Familien nehmen Abschied in Videochats

"Es kommt sogar dazu, dass die Ärzte entscheiden müssen, wer gerettet werden soll und wer nicht." Das sei das Schlimmste: "Wenn jemand stirbt, stirbt er alleine, da die Familienangehörigen nicht auf die Intensivstation dürfen." Viele Ärzte bieten Videochats an, so dass die Familie sich noch ein letztes Mal verabschieden können. Auch würden keine Trauermessen abgehalten, die Verstorbenen sofort beerdigt.

"Wir haben Angst, das ist klar. Aber wir Italiener versuchen, das Beste draus zu machen", schreibt sie. Italien habe schon so viele Tragödien hinter sich, seien es Erdbeben oder Überschwemmungen. "Dennoch hat dieses Land immer einen Weg gefunden, wieder aufzustehen. Wir waren schon immer hilfsbereite Menschen, jetzt sind wir es noch viel mehr."

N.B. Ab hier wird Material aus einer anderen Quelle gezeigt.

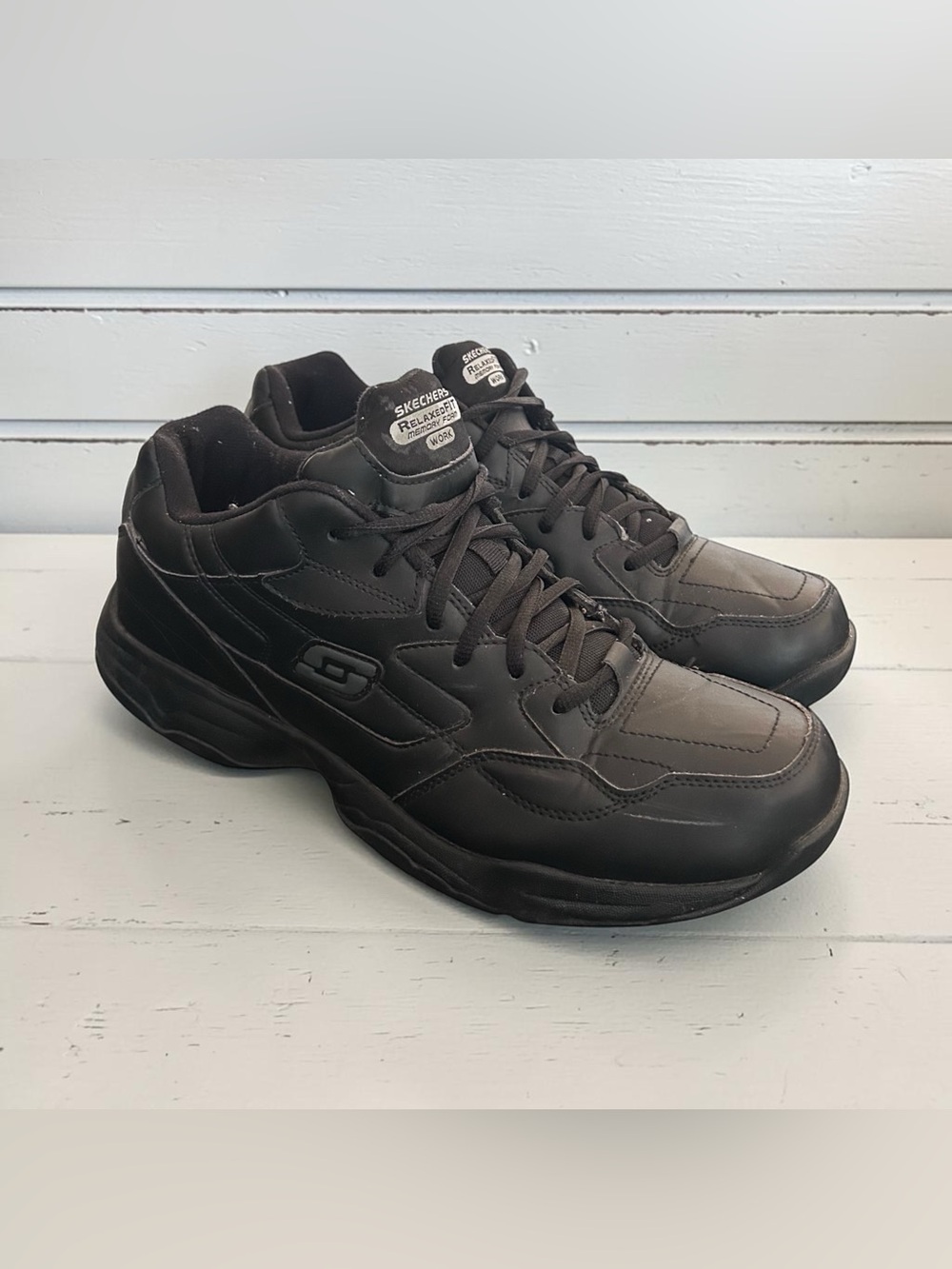 Skechers Men’s Work Relaxed Fit 77032 Black Slip Resistant Shoes Size 13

Sie hoffe mit ihrem Post einige Menschen wachgerüttelt zu haben, "so dass in Deutschland alle verstehen, dass es nicht nur eine Grippe ist", meint Claudia Papalino. "Wenn euch was an eurer Familie und euren Freunden liegt, dann bleibt zu Hause! Nur so haben wir eine Chance aus diesem Alptraum zu entkommen."

INFO:

- Italien hat seit einer Woche eine Ausgangssperre und ist damit ein Land im Ausnahmezustand. Alle Geschäfte sind geschlossen, nur Supermärkte, Tankstellen und Apotheken bleiben geöffnet. Die Menschen dürfen nur auf die Straße, um zur Arbeit, zum Einkaufen oder zum Arzt zu gehen. Selbst ein Spaziergang im Park ist untersagt.

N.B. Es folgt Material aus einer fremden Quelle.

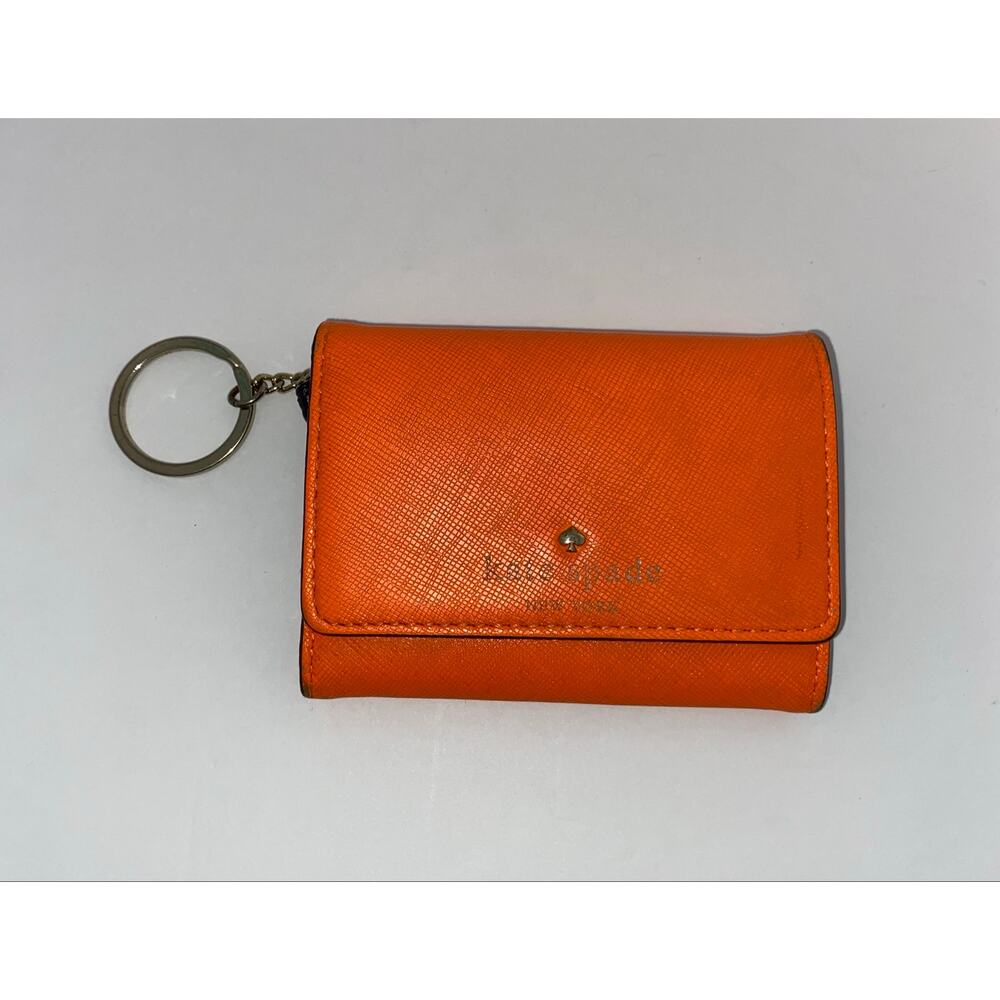 Kate Spade New York Orange Keychain Wallet Coin Purse ID Holder Leather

- Jeder muss auf einem Formular den Grund für seinen Ausgang erklären, etwa wenn er ins Büro muss. Diese Ausgangssperre wird streng kontrolliert: Mehr als 838.000 Menschen sind bisher überprüft worden, teilte das Innenministerium am Dienstag in Rom mit. Mehr als 35.500 wurden angezeigt.